Sunday, February 22, 2009

Homecoming

Sunday, the Delta Co. 4th CEB came back to Knoxville from a 7-month deployment to Iraq on missions that included minesweeping, bunker building and demolition.

Before the buses pulled in, I talked to two wives who were waiting. Both had given birth while their husbands were gone, and both Marines were on the phone with their wives during the delivery. Both men met their children, one son and one daughter, for the first time Sunday. Both men are barely older than I am. And both men had to leave the country knowing that they would be leaving their wives to care for the children alone.

So it's clear why, when the Marines cautiously stepped off the buses still wearing camo and carrying M16 assault rifles, I was swept up in the same wave of emotion that flooded the wives (and mothers, fathers, girlfriends, sons and daughters). I wanted to capture the moment with the cell phone-sized Flip video camera; I wanted to show everyone who wasn't at the Marine Corps Reserve Center what it's like to embrace a lover and an infnant after missing the entire pregnancy.

But I didn't realize that I would be on the verge of crying myself, as the troops wove through the crowd.

It was almost enough to keep me from doing my job properly. For starters, it's hard to hold that tiny camera steady anyway. Throw in a choked-back sob, and that's a recipe for shaky footage.

Second, I felt like I was destroying the unity. I would love to be the omniscient, omnipotent reporter: hearing all the stories at once, seeing all the tears fall in unison, feeling all the sighs of relief - without a single person noticing my presence.

That's not the way news works, though. When there is a story, you cling to it and try to extract every bit of useful information - all without annoying, berating or otherwise insulting your subject.

It is a draining process, then, to come back to the news desk and condense all the worries and reliefs of the past seven months into a 15-inch story, devoid of 95 percent of the raw emotion that surrounded the homecoming. I can't give you the American flag flapping in the breeze; I can't give you the snowflakes sticking to the desert camo fatigues; and I sure as hell can't give you drool of 14-week-old Derrick Sloan on the front of his tiny cheap white cotton homemade T-shirt.

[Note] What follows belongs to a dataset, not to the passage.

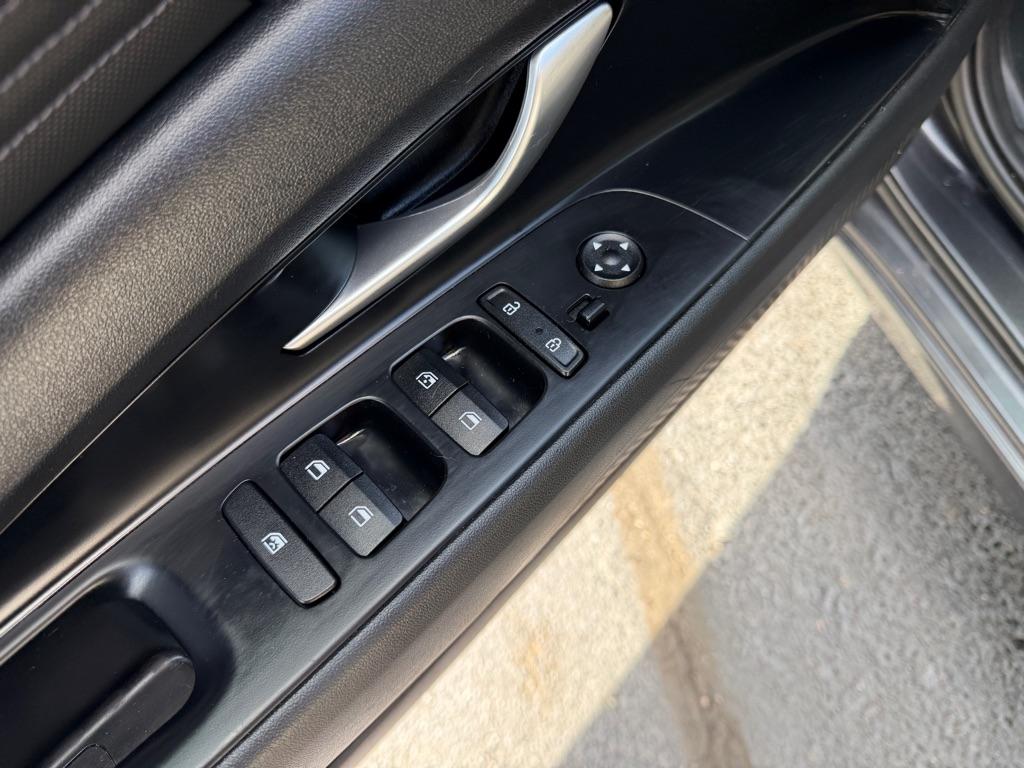 Hyundai Elantra SEL 2021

But they were all there Sunday, and they won't be forgotten.


P.S. I was scared out of my mind when I arrived at the reserve center. Two Marines, both carrying loaded M16s, stopped me; one put his hand on the hood of my truck as if he would personally stop me if I tried any funny business. He questioned the media presence, and when a man carrying a fully automatic machine gun doubted my legitimacy, my first instinct was to tip my (imaginary) hat, throw the truck in reverse, and head home.

2 comments:

Devon said...

Is this the article you wish you could write, or the actual one? Either way, good job bud! I certainly can't imagine the emotions that you must have felt...let alone just imagine the actual family and friends!

Unknown said...

This is the article I *wish* I could write...

Maybe one day I'll be an op-ed contributor with free range to wax poetic :/

But until then, I'll settle for being a journalist by day, blogger by night. Thanks for the feedback.